Estimation of chlorophyll content

Culture samples were centrifuged at 2547 g for 15 min using a Hermle centrifuge (HERMLE Labortechnik GmbH, Wehingen – Germany). Pigments were extracted from the resulting pellet by bead milling in acetone. The full absorbance spectrum of the extract was obtained with a Genesys 10S UV-Vis spectrophotometer (Thermo Scientific, Massachusetts, EUA) and iteratively decomposed to the standard pigment spectra in order to obtain the total chlorophyll content.

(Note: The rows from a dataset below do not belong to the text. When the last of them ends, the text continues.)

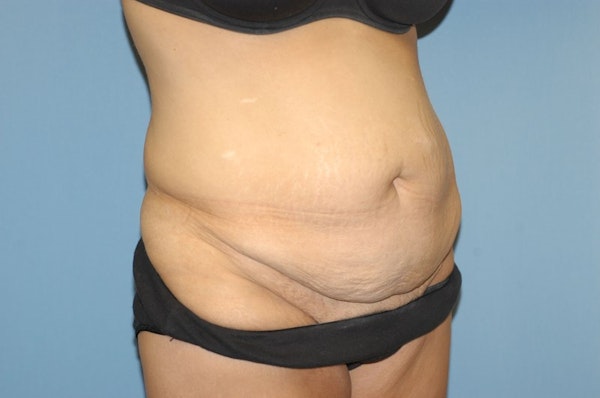 After Weight Loss Surgery Before & After Gallery - Patient 272147 - Image 3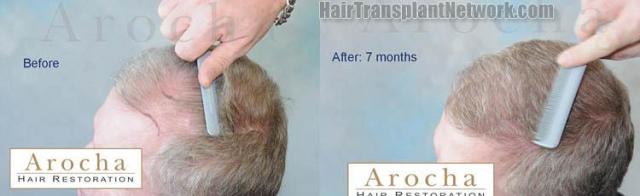 Left view - Before and after hair transplantation images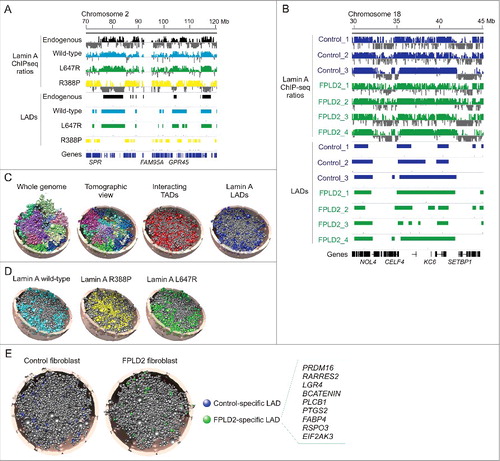Figure 2. 3D genome modeling provides a spatial appreciation of LADs altered by lamin A mutations causing laminopathies. (A) Genome browser view of lamin A ChIP-seq profiles and LADs in a region of chromosome 2 in HeLa cells expressing indicated lamins. (B) Lamin A ChIP-seq profiles and LADs in a region of chromosome 18, in three control and four FPLD2 patient fibroblast cultures, the latter all with the R482W mutation. LAD data in (A) and (B) are from reference [Citation26]. (C) A 3D structural model of HeLa cell nuclei. The whole-genome model reflects chromosome territories; each chromosome is modeled as a chain of beads representing TADs, and is colored differently. Chromosome territories are also visible in the tomographic view. Tomographic views of the same genome structure also reveal TADs interacting pairwise (red) and TADs containing LADs (blue) (adapted from reference [26). (D) 3D genome models showing LADs generated by expression of indicated lamins in HeLa cells [Citation26]. (E) 3D genome models showing LADs specific to control and FPLD2 fibroblasts with the lamin A R482W mutation (from reference [26). Box, genes pertaining to white and brown adipogenesis found in FLPD2-specific LADs. Nucleus radius in the models in (C-E) is 5 µm. All panels were from reference [Citation26] and were used with permission.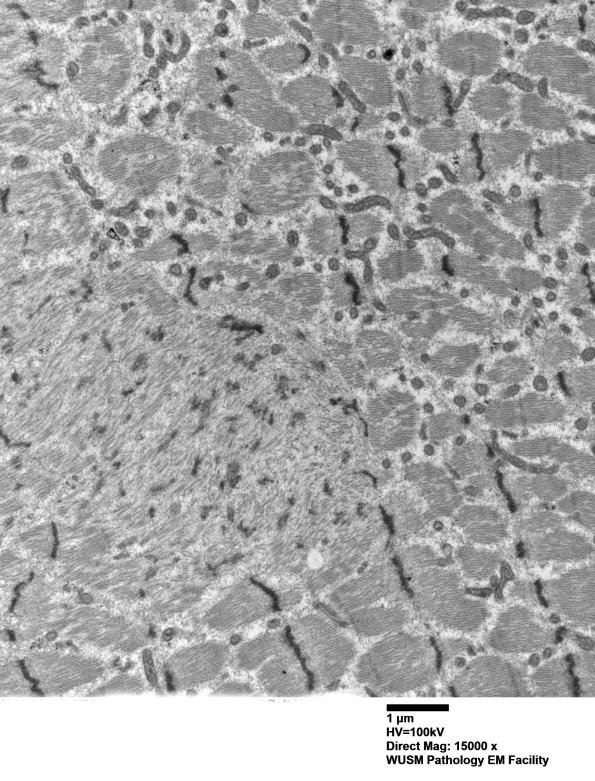 1I1B Case 1 002 - Copy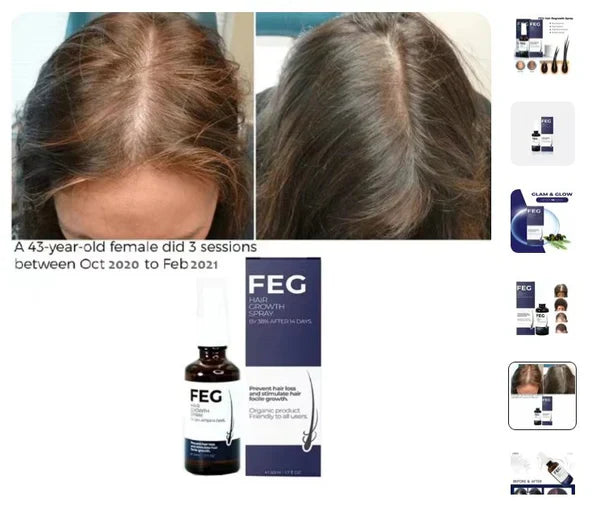 FEG Organic Hair Growth Treatment Oil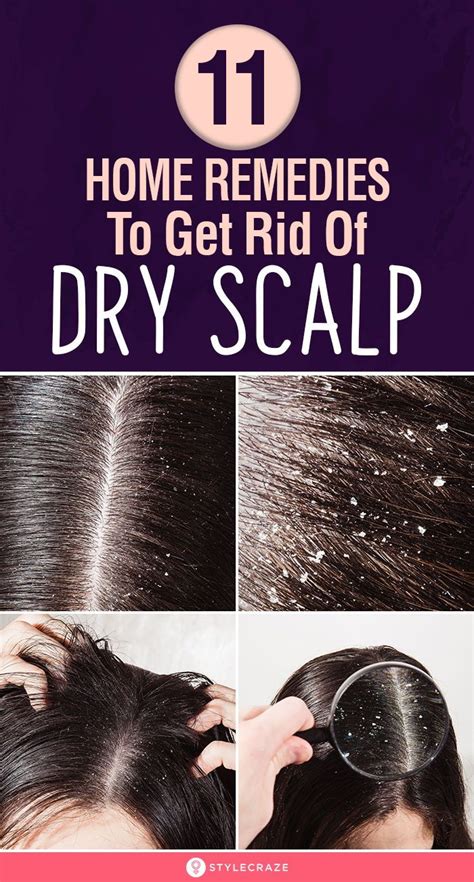 10 Best Home Remedies To Get Rid Of Dry Scalp Dry Scalp Dry Scalp Remedy Treating Dry Hair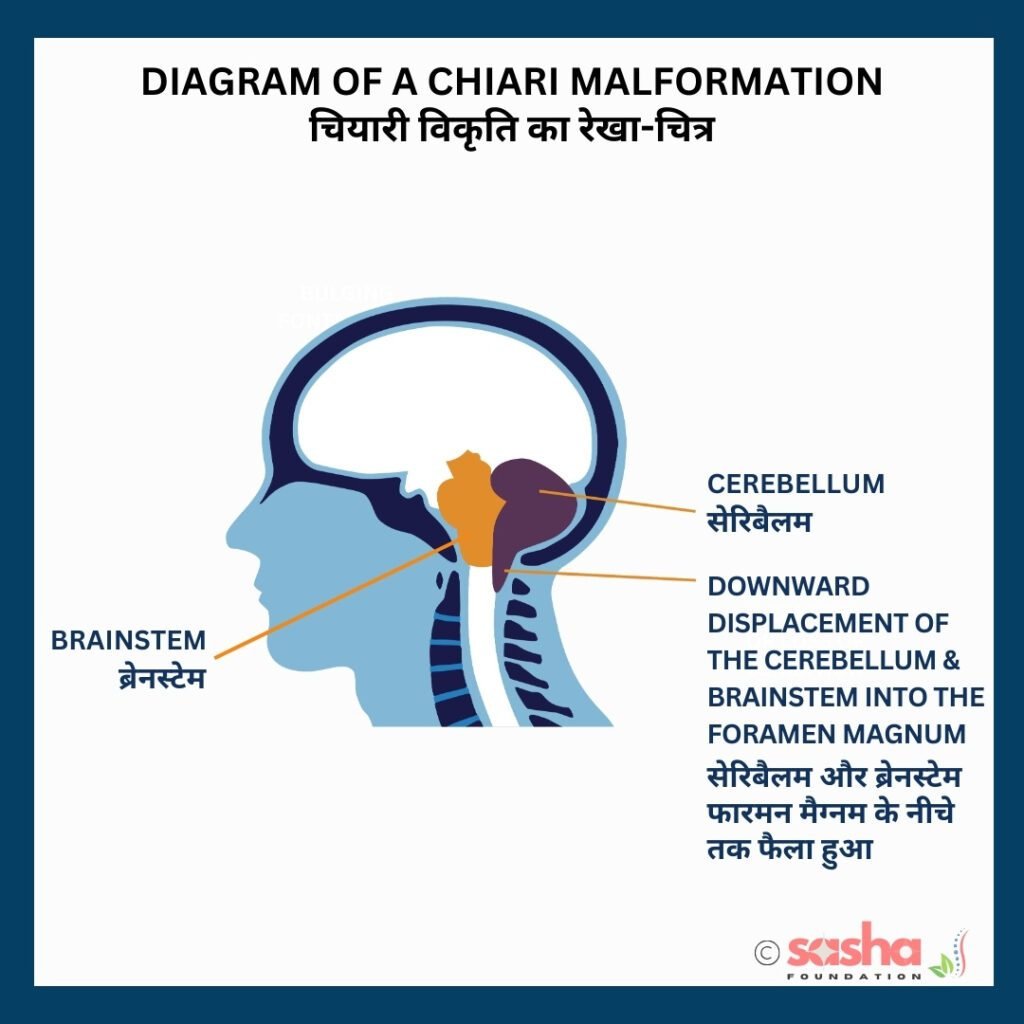an illustration showing chiari malformation type II
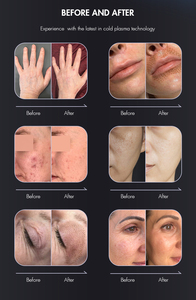 Xách tay mát Plasma da thắt chặt da trẻ hóa điều trị mụn trứng cá máy công nghệ cho giảm nếp nhăn phát sáng da - Product Image 6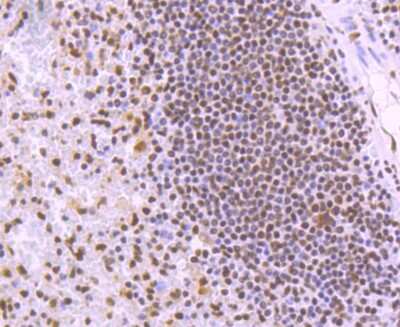 Immunohistochemistry-Paraffin: KAP1 Antibody (SD081-05) [NBP2-67786] - Analysis of paraffin-embedded human spleen tissue using anti-KAP1 antibody. Counter stained with hematoxylin.
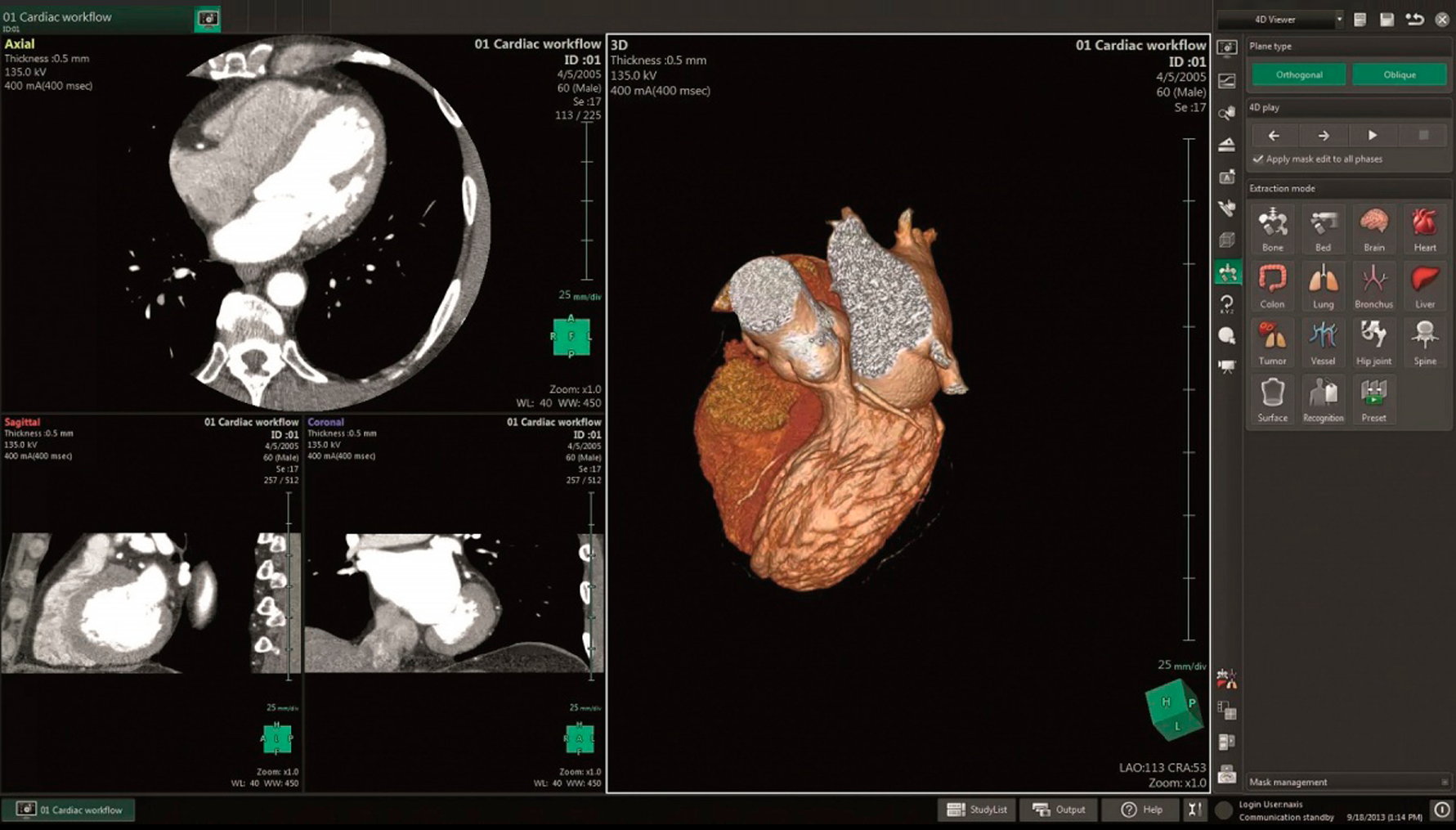 PACS synapse 3d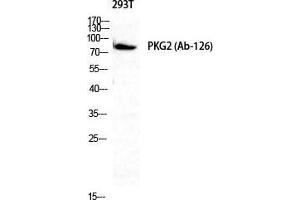 Western Blot (WB) analysis of 293T cells using cGKII Polyclonal Antibody.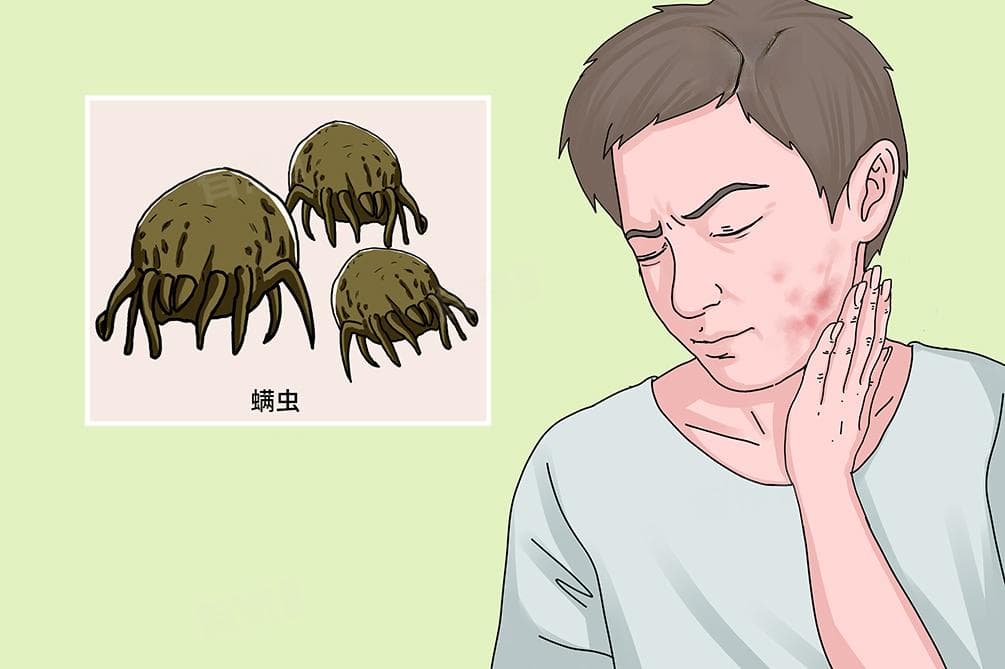 杀螨虫最有效的土办法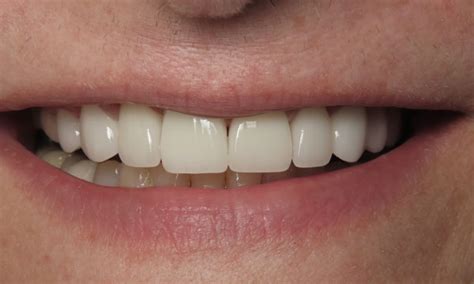 Smile Makeover Gallery Before And After Dr Rick Dentistry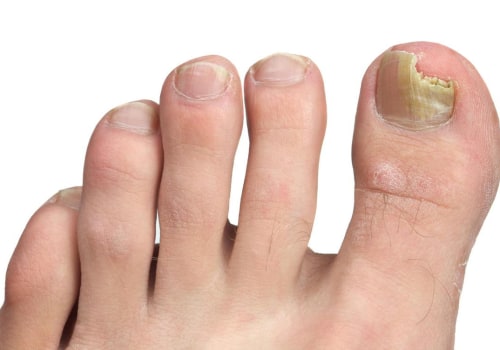 How do i get rid of toenail fungus without going to the doctor?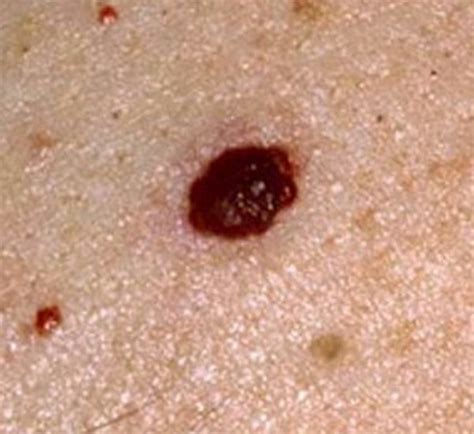While cherry angioma home remedies may not completely remove a cherry angioma, they may help shrink them. Cherry Angioma - Causes, Pictures, Diagnosis, Treatment ...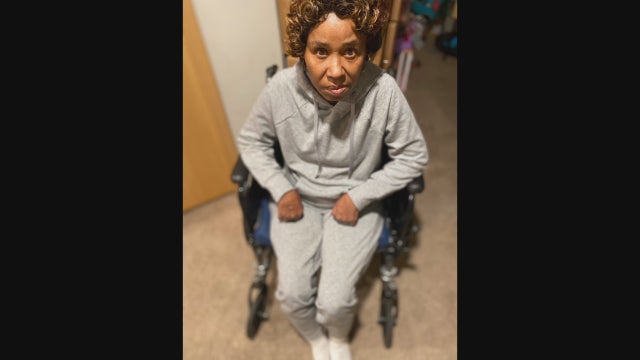 14 people struck by vehicles in St. Paul so far this year, 7 in hit-and-runs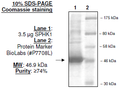 Sphingosine kinase 1, His-tag Recombinant – Figure 1 of 4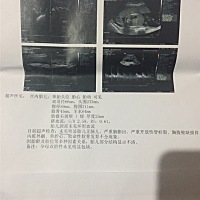 这样可以检查到鼻子嘴巴吗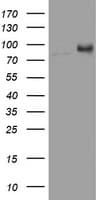 NBN / Nibrin Antibody (aa183-460, clone OTI5E11, Carrier-free)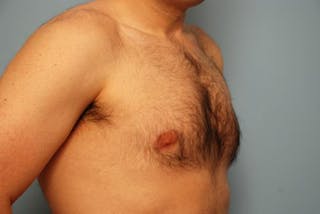 Male Breast Reduction Before & After Gallery - Patient 392500 - Image 4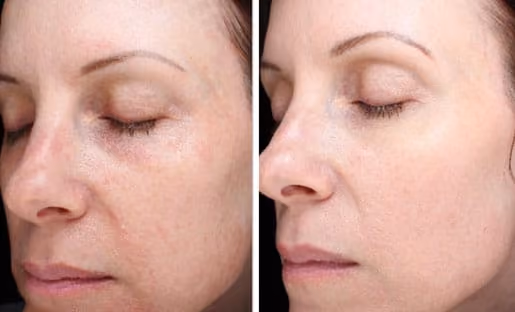 prp facial before and after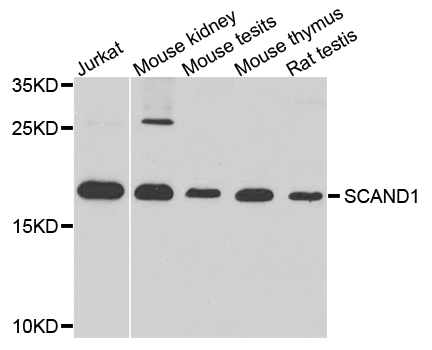 SCAND1 Antibody - Western blot analysis of extract of various cells.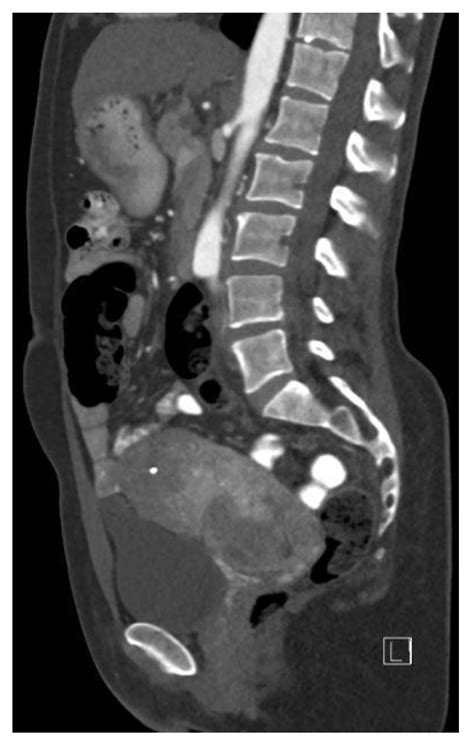 Desmoplastic Small Round Cell Tumor of the Uterus: A Report of ...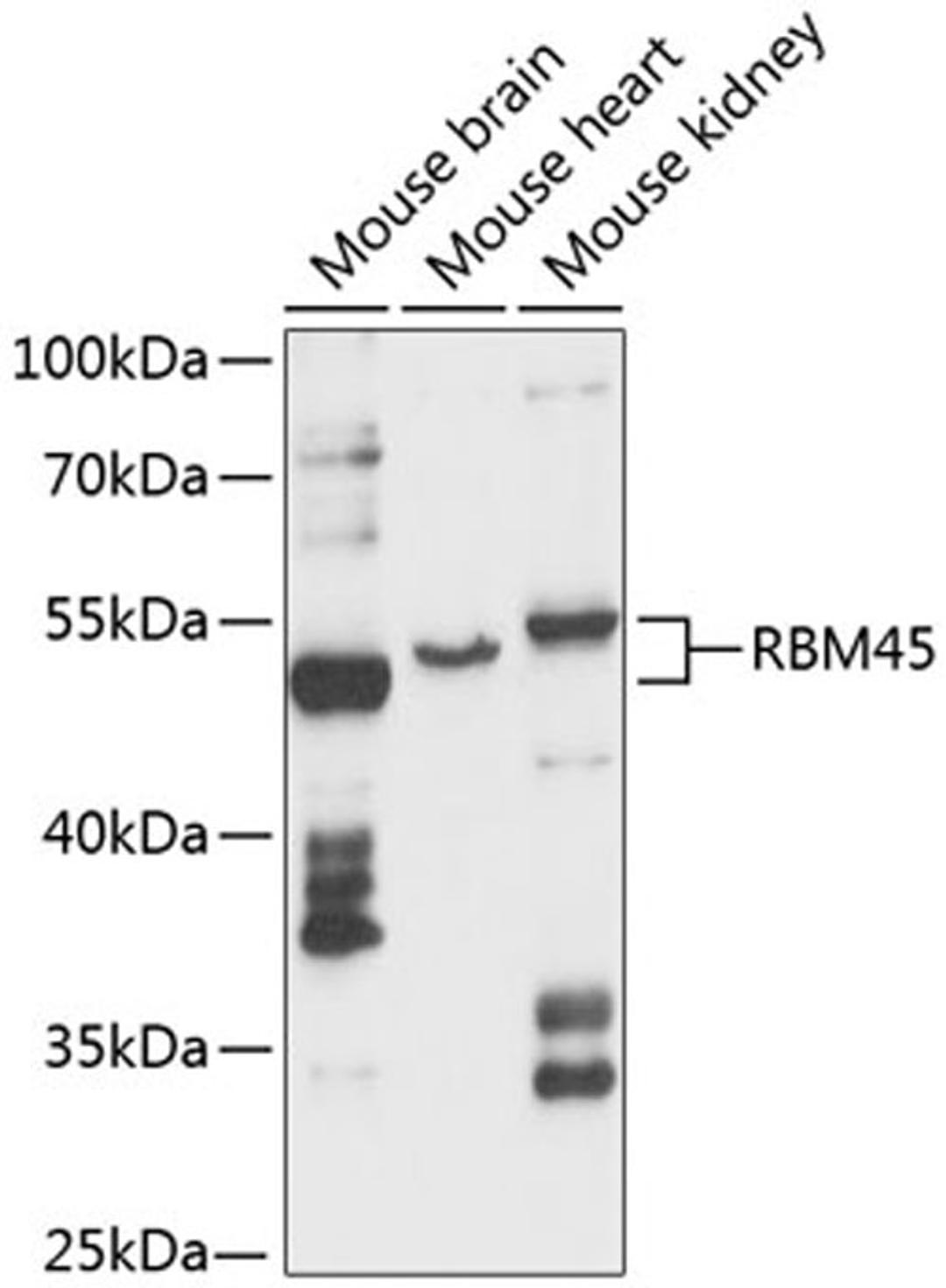 Western blot - RBM45 antibody (A13843)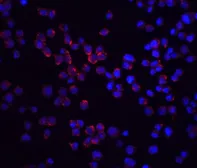 Anti-RIP2 antibody used in Immunocytochemistry/ Immunofluorescence (ICC/IF). GTX31644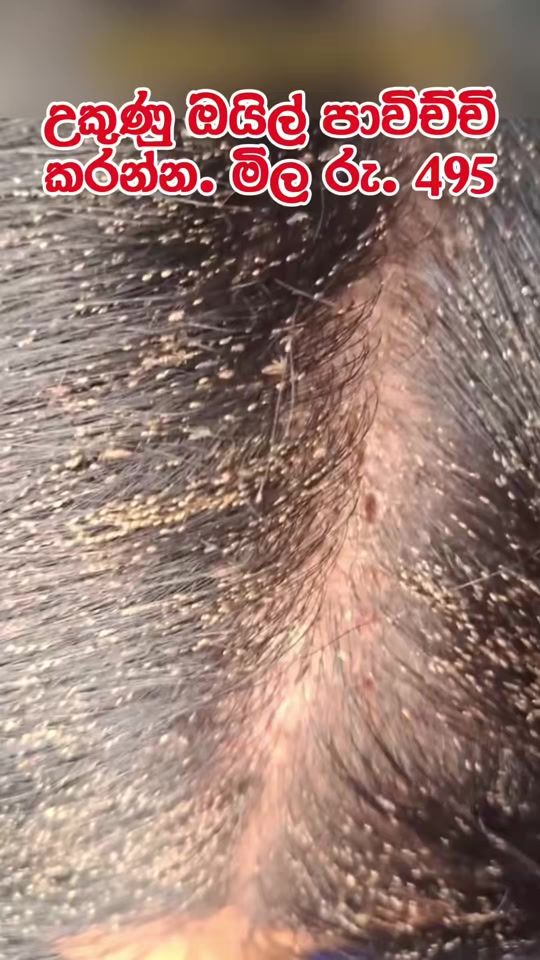 TikTok video thumbnail by lassana_rahas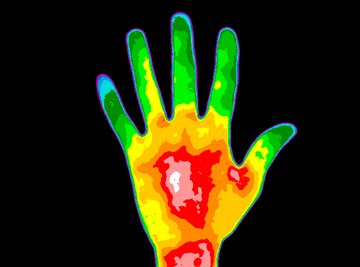 Thermal image of hand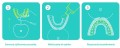 U-shaped sonic toothbrush, 360°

Determination of the protein content

The protein content of cultures was determined by elemental analysis, resorting to Vario el III (Vario EL, Elementar Analyser systeme, GmbH, Hanau, Germany), according to the procedure provided by the manufacturer. The final protein content was calculated by multiplying the percentage of nitrogen given by the elemental analysis by 6.25.